How to Design a Good SDK

What an SDK is for

An SDK — software development kit, but really just "client library" — wraps an API in idiomatic code for a specific language. It exists because using a raw HTTP client has too much friction for most developers: they don't want to construct URLs, encode bodies, parse responses, handle retries, or manage authentication tokens. They want to write client.orders.cancel(orderId) and have it do the right thing.

The implicit contract: an SDK should make the easy cases easy and the hard cases possible. The two failure modes — making easy cases hard (over-abstracted, ceremonious) or making hard cases impossible (everything is hidden behind too-clever defaults) — are equally common.
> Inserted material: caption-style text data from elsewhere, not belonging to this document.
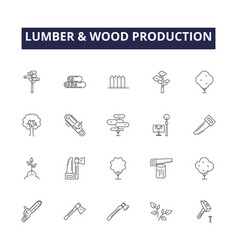 Lumber Wood Production Line Icons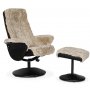 Times ftlj med fotpall (Recliner) - Beige frskinn + Flckborttagare fr mbler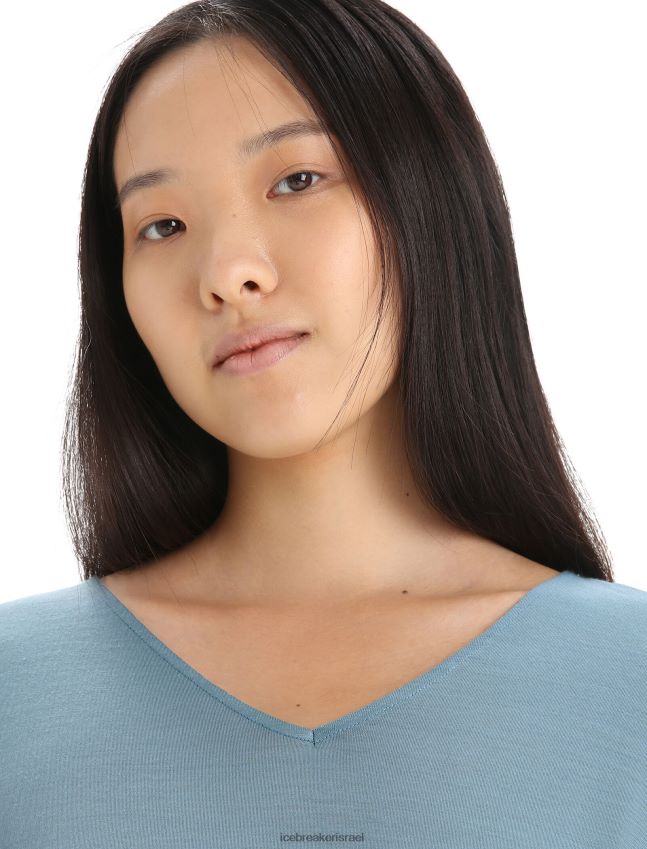 הַלבָּשָׁה Icebreaker טופ מרינו דריידן עם שרוולים קצרים הפיכים כחול אסטרלי נשים 42N8VN675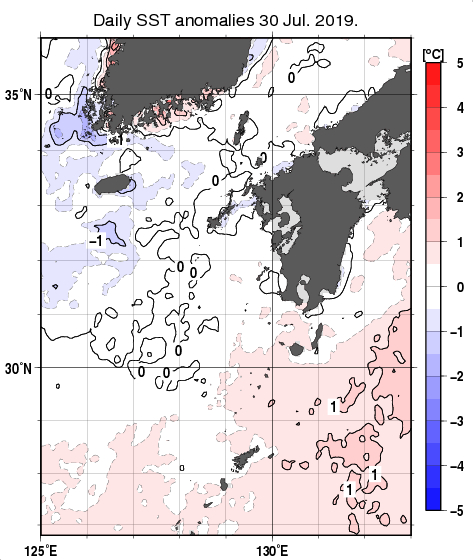 九州・山口県周辺海域の海面水温平年差分布図（7月30日）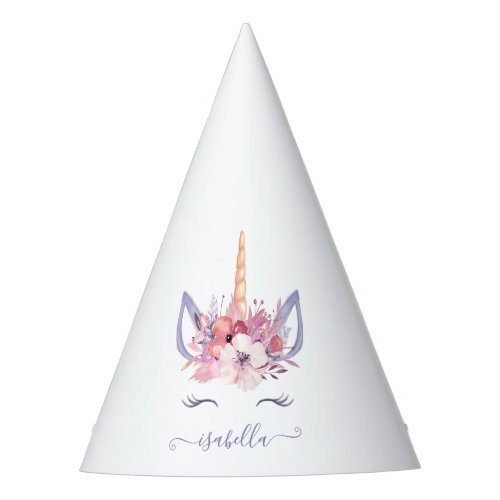 Unicorn floral watercolor birthday  party hat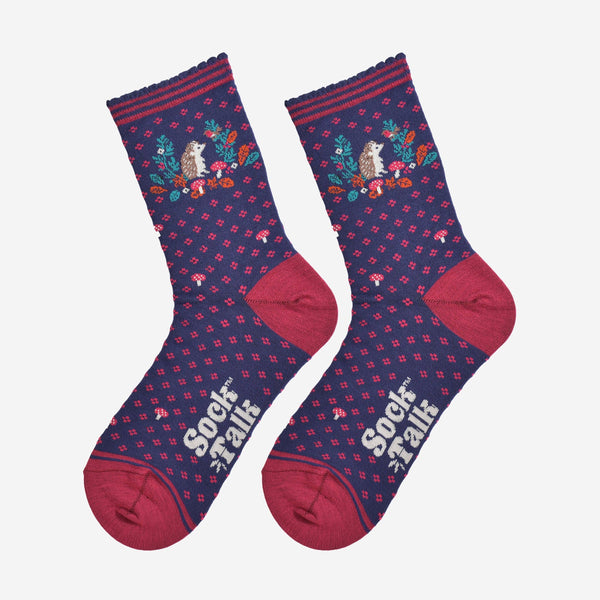 Women's Bamboo Socks - Navy Blue/Burgundy, Hedgehog Wreath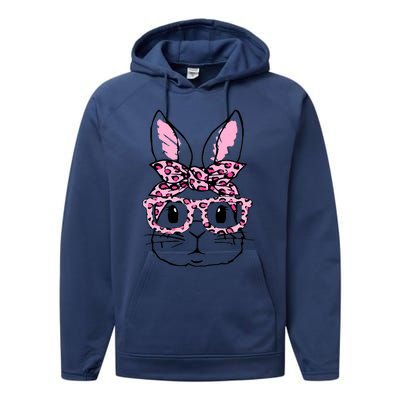 Funny Bunny Face Pink Leopard Glasses Happy Easter Day Great Gift Performance Fleece Hoodie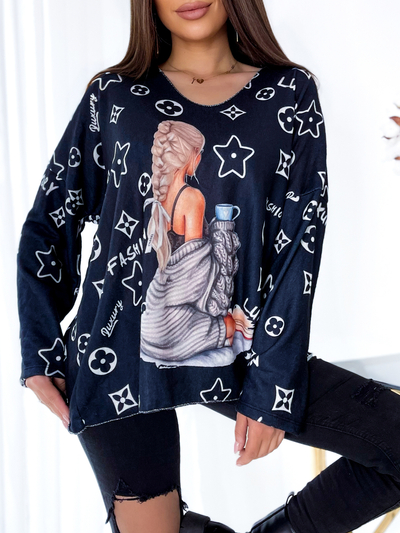 Royalfashion Bluză lungă pentru femei cu imprimeu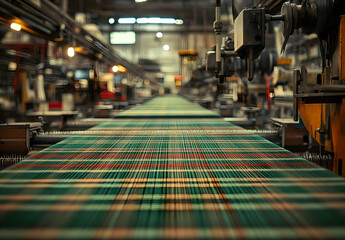 Plaid fabric being woven on a large industrial loom in a textile factory. The fabric is green, red, and beige.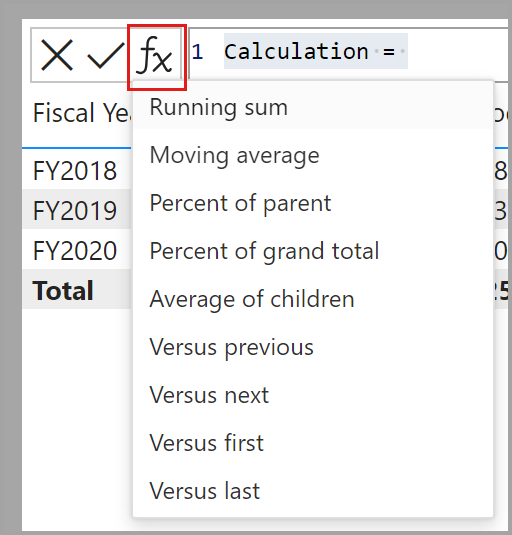 Captura de tela do uso de modelos para cálculos visuais.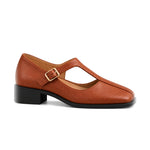Azucena: bailarinas mary jane cuadradas, color marrón claro, vista lateral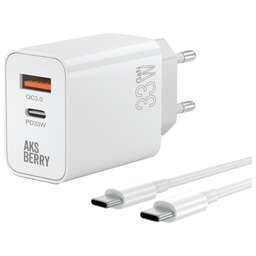AKSBERRY (6900286940011) T46 30W PD/QC3.0 + кабель Type c, белый
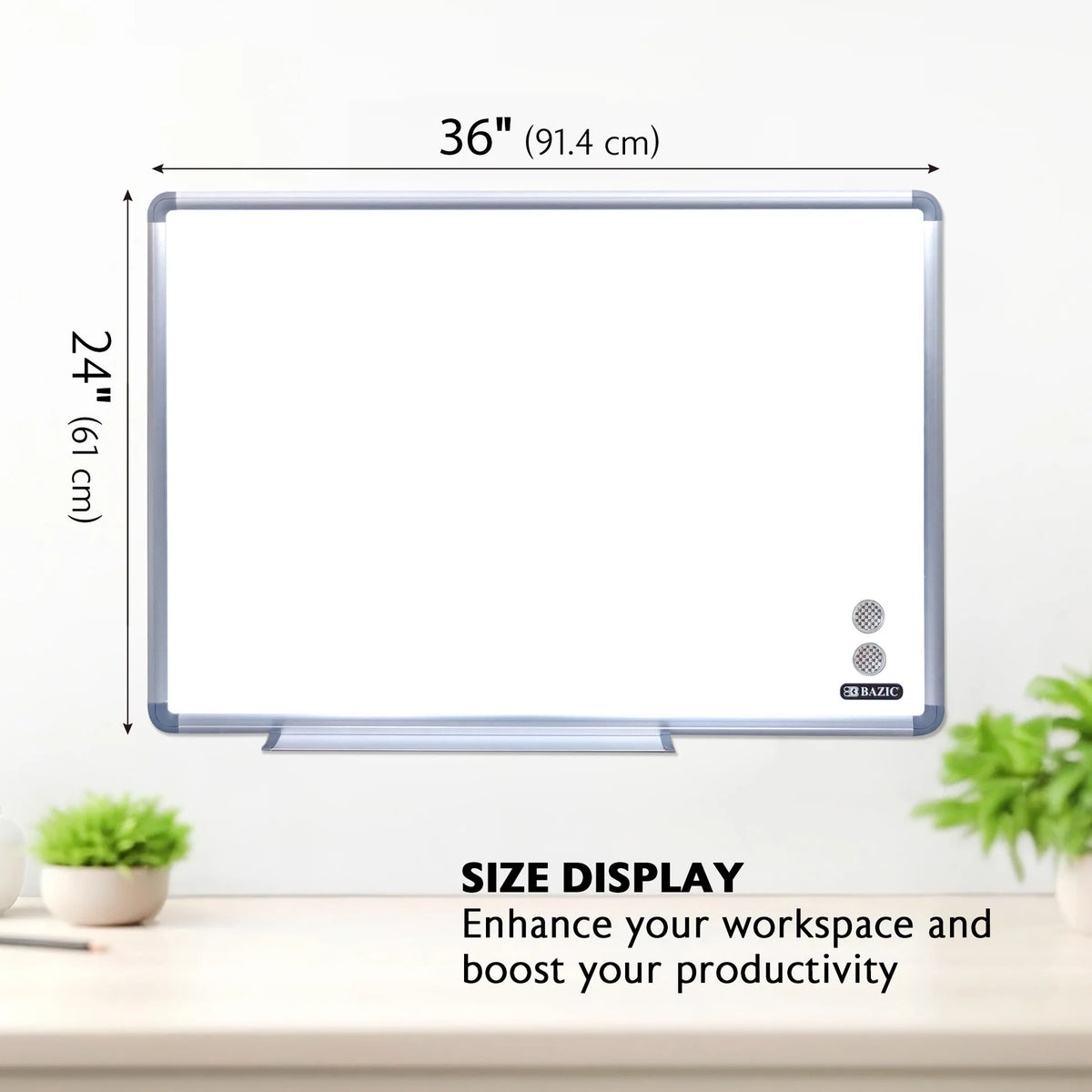 Aluminum Frame Magnetic Dry Erase Board, 24 x 36 in - Value Set
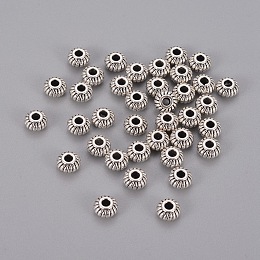 Honeyhandy Alloy Spacer Beads, Rondelle, Cadmium Free & Lead Free, Antique Silver, 6x4mm, Hole: 1.5mm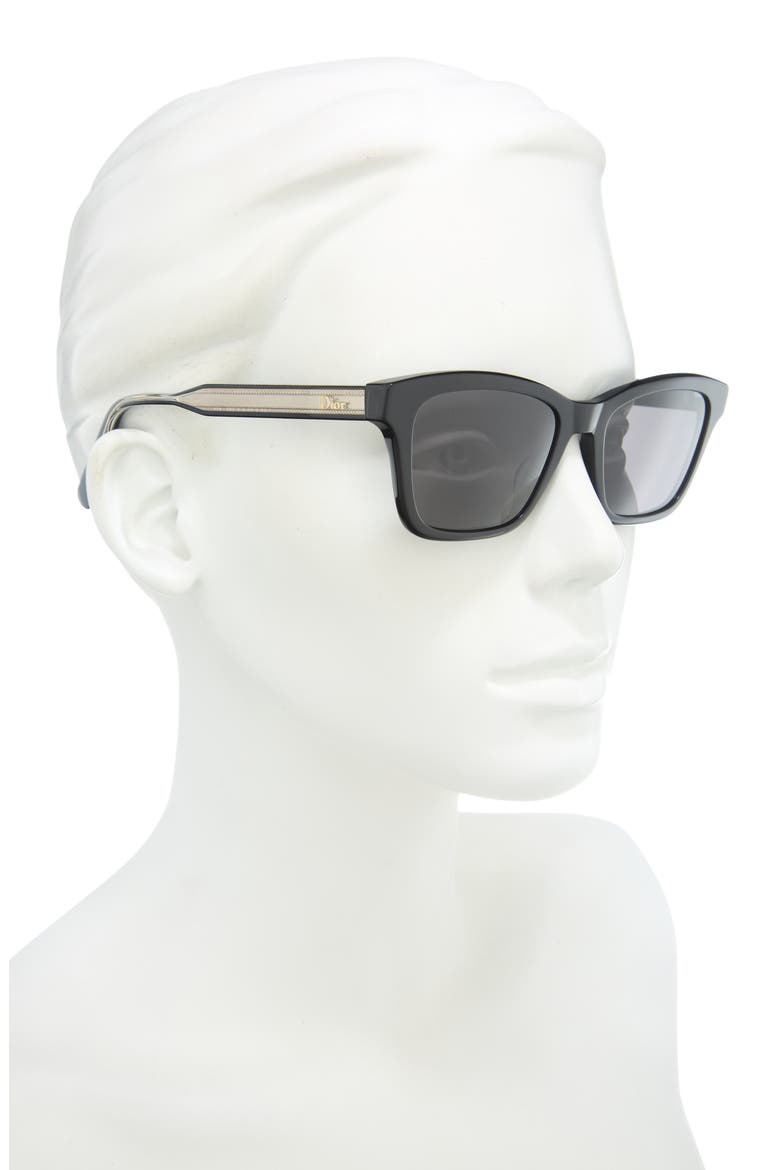 'Dioribbon S21 53mm Cat Eye Sunglasses, Alternate, color, SHINY BLACK / SMOKE
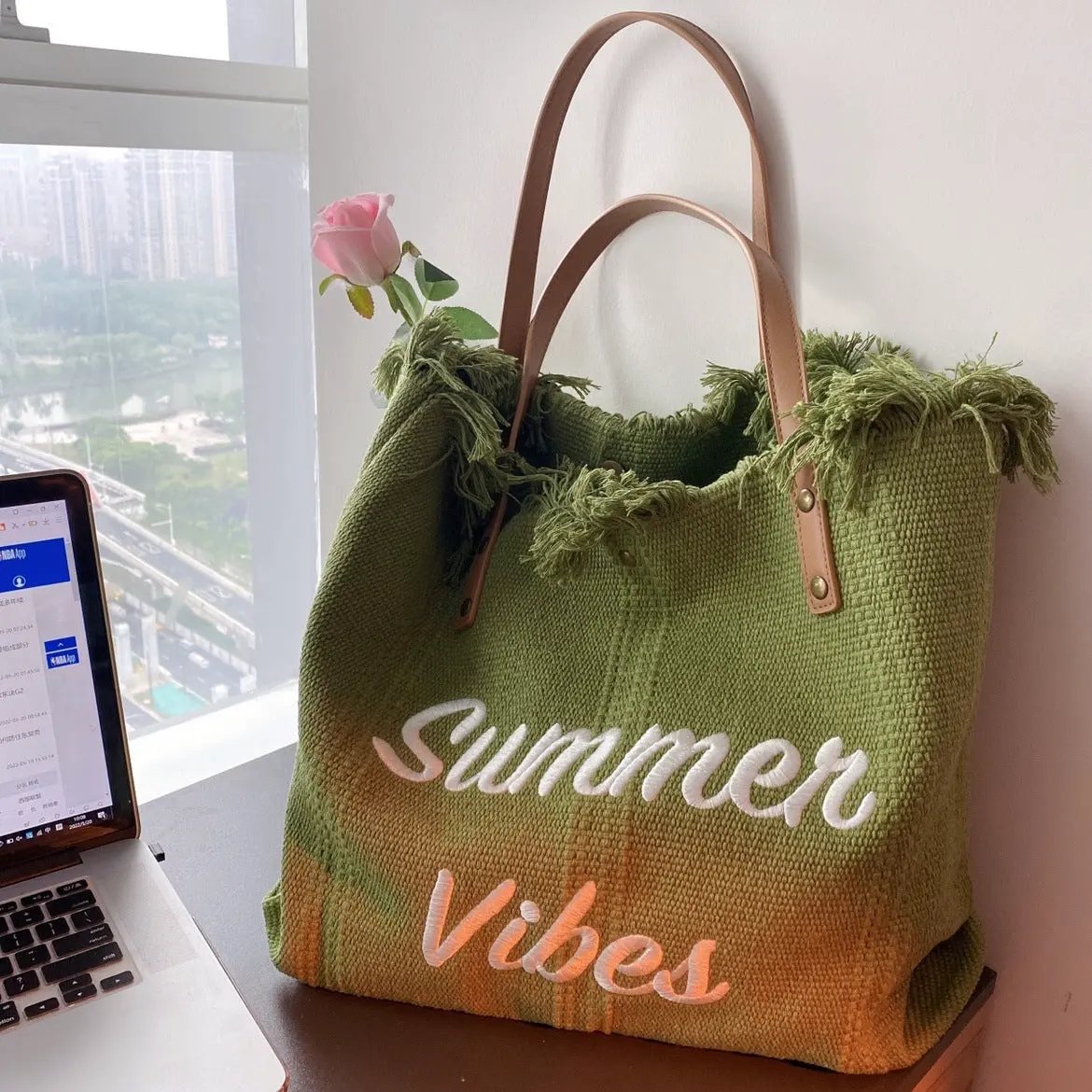 Large capacity canvas tote bag with embroidered letters, handbag for women, woven beach bag, shoulder bag by Dropsure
Auto-generated vs hand-written

Two camps:

Auto-generated from an OpenAPI spec. Pros: stays in sync with the API definition automatically; cheap to maintain across many languages; consistent. Cons: rarely idiomatic in any specific language; reflects the API's wire shape rather than what's natural in the target language; tends to produce ceremonious code.
Hand-written. Pros: feels native to the language; can hide complexity that the wire format exposes; can shape ergonomics around what users actually do. Cons: expensive to maintain; drifts out of sync with the API unless tests catch it; one SDK per language is a real engineering investment.

The hybrid that has emerged: auto-generated low-level transport code (HTTP plumbing, schema validation), hand-written ergonomic surface on top. The generated layer keeps wire compatibility; the hand-written layer keeps it pleasant to use.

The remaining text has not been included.